When compiling with g++ I get the expected output of

s = "a = 10\n b = 20\n"


but when using the visual studio compiler, it spits out

s = "b = 20\n"


ignoring the whole "a = 10" part. After investigating further in visual studio via the debug functionality, I saw that the m variable was holding the space from after the "a = 10" part.

Do you know why it behaves like that? Am I making a big mistake somewhere while not noticing it? Please help.

Answer Source

First, a simplified example:

#include <iostream>
#include <string>
#include <regex>

using namespace std;

int main() {
    const string data = "abc\nXabc";
    regex re("^X");
    smatch match;
    if (regex_search(data, match, re))
        cout << "match: " << match.str() << endl;
    else
        cout << "no match" << endl;
    return 0;
}

Visual Studio 2015 outputs:

match: X

MinGW 7.1.0 outputs:

no match


So, the difference cuts down to whether ^ in the regular expression matches starts of lines or only the beginning of the string. In C++ 17 it is determined by the regex::flag_type argument passed to the regex constructor.

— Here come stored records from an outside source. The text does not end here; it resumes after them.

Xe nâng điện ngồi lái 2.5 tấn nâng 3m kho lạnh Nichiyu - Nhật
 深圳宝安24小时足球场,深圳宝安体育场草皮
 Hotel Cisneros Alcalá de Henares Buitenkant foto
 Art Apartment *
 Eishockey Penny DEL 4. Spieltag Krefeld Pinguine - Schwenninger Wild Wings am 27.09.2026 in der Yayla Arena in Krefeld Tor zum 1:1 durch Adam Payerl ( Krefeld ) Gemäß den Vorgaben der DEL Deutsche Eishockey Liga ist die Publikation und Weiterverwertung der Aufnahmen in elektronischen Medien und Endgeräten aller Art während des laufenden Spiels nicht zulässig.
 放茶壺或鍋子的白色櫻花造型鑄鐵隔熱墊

31.5.1 Bitmask type syntax_­option_­type:

The type syntax_­option_­type is an implementation-defined bitmask type. Setting its elements has the effects listed in Table 130. A valid value of type syntax_­option_­type shall have at most one of the grammar elements ECMAScript, basic, extended, awk, grep, egrep, set. If no grammar element is set, the default grammar is ECMAScript.


Table 130 — syntax_­option_­type effects

...

multiline — Specifies that ^ shall match the beginning of a line and $ shall match the end of a line, if the ECMAScript engine is selected.

In order for ^ to match starts of lines, the regex object needs to initialized like this:

regex re("^X", regex_constants::multiline);

In conclusion, MinGW's behavior is correct under the C++ 17 Standard.